Collected data entries
○ ○ ○ ○ ○

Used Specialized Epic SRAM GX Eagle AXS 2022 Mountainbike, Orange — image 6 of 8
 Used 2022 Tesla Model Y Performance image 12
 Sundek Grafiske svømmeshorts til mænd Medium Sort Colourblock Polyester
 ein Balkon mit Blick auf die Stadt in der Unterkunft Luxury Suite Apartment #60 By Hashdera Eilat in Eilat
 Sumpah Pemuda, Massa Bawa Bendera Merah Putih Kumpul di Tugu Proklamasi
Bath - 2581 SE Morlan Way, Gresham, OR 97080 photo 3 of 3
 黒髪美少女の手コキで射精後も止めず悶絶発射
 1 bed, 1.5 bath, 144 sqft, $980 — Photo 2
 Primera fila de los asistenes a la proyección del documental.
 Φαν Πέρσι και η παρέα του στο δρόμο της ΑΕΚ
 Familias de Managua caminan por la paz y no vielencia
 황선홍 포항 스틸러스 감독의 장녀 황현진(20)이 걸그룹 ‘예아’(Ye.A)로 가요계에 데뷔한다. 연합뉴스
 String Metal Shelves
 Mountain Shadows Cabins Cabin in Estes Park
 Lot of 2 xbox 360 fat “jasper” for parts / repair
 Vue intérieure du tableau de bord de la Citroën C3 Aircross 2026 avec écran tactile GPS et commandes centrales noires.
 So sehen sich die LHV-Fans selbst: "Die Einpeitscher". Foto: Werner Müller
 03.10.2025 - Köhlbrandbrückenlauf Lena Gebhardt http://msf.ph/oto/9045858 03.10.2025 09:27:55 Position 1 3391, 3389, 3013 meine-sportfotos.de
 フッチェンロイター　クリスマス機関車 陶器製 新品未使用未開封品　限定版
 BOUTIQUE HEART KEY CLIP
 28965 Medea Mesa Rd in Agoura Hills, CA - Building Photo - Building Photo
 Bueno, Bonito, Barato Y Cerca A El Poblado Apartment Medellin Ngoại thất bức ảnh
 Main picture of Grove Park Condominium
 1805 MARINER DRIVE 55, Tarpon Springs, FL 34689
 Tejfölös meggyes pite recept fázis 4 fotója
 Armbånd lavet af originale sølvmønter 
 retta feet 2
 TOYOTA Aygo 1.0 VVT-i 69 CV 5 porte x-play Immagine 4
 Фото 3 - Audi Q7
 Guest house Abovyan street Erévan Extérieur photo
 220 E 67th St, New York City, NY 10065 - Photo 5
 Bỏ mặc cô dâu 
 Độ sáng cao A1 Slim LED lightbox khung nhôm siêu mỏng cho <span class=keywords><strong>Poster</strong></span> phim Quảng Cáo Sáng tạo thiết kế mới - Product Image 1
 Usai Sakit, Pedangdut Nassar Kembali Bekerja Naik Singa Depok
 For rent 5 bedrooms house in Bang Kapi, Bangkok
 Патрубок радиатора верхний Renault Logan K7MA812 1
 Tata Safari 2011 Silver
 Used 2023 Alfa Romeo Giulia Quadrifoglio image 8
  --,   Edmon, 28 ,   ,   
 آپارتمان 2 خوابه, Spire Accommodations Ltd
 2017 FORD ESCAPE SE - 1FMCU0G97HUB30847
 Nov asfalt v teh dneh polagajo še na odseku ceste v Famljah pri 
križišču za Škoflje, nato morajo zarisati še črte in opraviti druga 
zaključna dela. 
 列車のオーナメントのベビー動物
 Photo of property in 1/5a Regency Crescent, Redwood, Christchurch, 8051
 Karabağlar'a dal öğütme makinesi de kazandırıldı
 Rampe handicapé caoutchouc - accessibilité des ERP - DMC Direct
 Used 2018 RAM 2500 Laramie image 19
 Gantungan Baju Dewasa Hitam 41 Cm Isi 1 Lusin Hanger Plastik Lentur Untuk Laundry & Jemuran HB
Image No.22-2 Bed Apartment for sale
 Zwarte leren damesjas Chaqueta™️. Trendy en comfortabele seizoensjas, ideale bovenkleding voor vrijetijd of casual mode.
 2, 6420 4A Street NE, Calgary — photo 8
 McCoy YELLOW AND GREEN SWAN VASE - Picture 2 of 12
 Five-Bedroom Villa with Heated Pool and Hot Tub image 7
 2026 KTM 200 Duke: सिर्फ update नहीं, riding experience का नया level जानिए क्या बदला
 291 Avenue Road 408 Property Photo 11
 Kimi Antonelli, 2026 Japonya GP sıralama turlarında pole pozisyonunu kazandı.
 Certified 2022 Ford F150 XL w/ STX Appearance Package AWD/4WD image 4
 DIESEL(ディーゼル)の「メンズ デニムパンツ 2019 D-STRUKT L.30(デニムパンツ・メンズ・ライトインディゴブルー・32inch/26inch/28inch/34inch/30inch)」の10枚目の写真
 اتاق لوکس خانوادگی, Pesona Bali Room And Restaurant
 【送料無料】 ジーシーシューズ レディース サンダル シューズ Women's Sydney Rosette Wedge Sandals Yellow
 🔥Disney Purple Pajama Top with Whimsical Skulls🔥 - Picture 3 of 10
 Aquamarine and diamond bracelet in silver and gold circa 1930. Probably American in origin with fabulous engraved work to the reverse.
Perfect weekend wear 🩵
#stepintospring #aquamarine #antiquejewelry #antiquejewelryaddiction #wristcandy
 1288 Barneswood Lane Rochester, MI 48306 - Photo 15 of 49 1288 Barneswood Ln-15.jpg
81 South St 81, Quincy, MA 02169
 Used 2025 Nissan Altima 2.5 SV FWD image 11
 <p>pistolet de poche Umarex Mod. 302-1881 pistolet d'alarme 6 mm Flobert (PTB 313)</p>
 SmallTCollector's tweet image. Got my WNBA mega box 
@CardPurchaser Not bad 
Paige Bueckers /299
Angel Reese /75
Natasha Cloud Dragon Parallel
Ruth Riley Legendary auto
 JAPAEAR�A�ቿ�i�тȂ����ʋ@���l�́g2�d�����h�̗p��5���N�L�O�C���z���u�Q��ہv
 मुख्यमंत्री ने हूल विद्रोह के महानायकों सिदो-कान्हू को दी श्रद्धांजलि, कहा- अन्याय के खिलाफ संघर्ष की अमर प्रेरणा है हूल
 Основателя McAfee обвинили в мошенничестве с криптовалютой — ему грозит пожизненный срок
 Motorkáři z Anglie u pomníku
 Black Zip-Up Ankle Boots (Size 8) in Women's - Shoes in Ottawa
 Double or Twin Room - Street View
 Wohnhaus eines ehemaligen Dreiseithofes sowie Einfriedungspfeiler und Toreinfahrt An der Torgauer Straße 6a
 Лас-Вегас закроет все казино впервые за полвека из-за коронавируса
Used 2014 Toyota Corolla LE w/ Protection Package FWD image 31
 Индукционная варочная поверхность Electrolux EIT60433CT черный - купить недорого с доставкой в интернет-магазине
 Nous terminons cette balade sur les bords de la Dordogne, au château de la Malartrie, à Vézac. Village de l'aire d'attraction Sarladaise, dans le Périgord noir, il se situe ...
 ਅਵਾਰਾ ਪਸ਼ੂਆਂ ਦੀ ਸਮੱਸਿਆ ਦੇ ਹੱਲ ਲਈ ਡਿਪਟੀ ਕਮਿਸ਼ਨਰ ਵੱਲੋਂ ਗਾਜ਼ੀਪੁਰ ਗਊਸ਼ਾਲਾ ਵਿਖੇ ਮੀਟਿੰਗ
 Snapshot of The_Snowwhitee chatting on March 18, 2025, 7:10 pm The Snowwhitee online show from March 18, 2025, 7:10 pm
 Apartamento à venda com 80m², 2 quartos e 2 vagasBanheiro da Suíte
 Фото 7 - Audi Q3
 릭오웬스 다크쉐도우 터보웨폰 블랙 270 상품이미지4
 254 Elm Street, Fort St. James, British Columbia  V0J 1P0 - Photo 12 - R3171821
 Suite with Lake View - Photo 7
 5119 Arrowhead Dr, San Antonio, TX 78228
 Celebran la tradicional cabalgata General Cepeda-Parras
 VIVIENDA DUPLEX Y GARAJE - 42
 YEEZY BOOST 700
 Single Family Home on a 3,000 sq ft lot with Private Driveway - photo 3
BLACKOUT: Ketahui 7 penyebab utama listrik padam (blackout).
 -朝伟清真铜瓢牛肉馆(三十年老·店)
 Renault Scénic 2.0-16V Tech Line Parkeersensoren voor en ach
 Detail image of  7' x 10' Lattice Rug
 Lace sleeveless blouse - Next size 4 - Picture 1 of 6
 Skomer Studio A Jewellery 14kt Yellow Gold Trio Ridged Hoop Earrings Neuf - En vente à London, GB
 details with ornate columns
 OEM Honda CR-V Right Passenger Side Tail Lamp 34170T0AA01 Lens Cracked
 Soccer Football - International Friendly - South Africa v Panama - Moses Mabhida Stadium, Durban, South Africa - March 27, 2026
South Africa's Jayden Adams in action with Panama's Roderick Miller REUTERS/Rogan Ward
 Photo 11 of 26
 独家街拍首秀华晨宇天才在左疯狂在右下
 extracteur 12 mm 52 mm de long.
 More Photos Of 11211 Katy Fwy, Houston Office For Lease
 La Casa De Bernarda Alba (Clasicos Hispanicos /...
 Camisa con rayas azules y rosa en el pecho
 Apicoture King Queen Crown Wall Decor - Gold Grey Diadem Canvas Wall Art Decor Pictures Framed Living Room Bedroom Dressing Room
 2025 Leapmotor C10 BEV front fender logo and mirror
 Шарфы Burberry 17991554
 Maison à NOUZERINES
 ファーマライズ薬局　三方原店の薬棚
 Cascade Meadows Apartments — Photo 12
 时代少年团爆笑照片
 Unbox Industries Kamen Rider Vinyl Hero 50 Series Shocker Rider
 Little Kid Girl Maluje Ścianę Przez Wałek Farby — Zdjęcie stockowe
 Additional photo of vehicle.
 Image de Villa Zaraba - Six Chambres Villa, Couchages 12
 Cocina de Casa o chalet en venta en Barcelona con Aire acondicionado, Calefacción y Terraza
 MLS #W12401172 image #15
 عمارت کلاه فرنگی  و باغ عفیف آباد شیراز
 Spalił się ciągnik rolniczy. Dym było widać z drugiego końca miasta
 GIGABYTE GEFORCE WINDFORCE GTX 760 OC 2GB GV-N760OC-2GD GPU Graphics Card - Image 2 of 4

○ ○ ○ ○ ○

Task to complete
Return only the part of the records above that opens with the line containing "Used 2014 Toyota" and closes with the line containing "Snapshot of The_Snowwhitee", ends included.

Final answer
Used 2014 Toyota Corolla LE w/ Protection Package FWD image 31
 Индукционная варочная поверхность Electrolux EIT60433CT черный - купить недорого с доставкой в интернет-магазине
 Nous terminons cette balade sur les bords de la Dordogne, au château de la Malartrie, à Vézac. Village de l'aire d'attraction Sarladaise, dans le Périgord noir, il se situe ...
 ਅਵਾਰਾ ਪਸ਼ੂਆਂ ਦੀ ਸਮੱਸਿਆ ਦੇ ਹੱਲ ਲਈ ਡਿਪਟੀ ਕਮਿਸ਼ਨਰ ਵੱਲੋਂ ਗਾਜ਼ੀਪੁਰ ਗਊਸ਼ਾਲਾ ਵਿਖੇ ਮੀਟਿੰਗ
 Snapshot of The_Snowwhitee chatting on March 18, 2025, 7:10 pm The Snowwhitee online show from March 18, 2025, 7:10 pm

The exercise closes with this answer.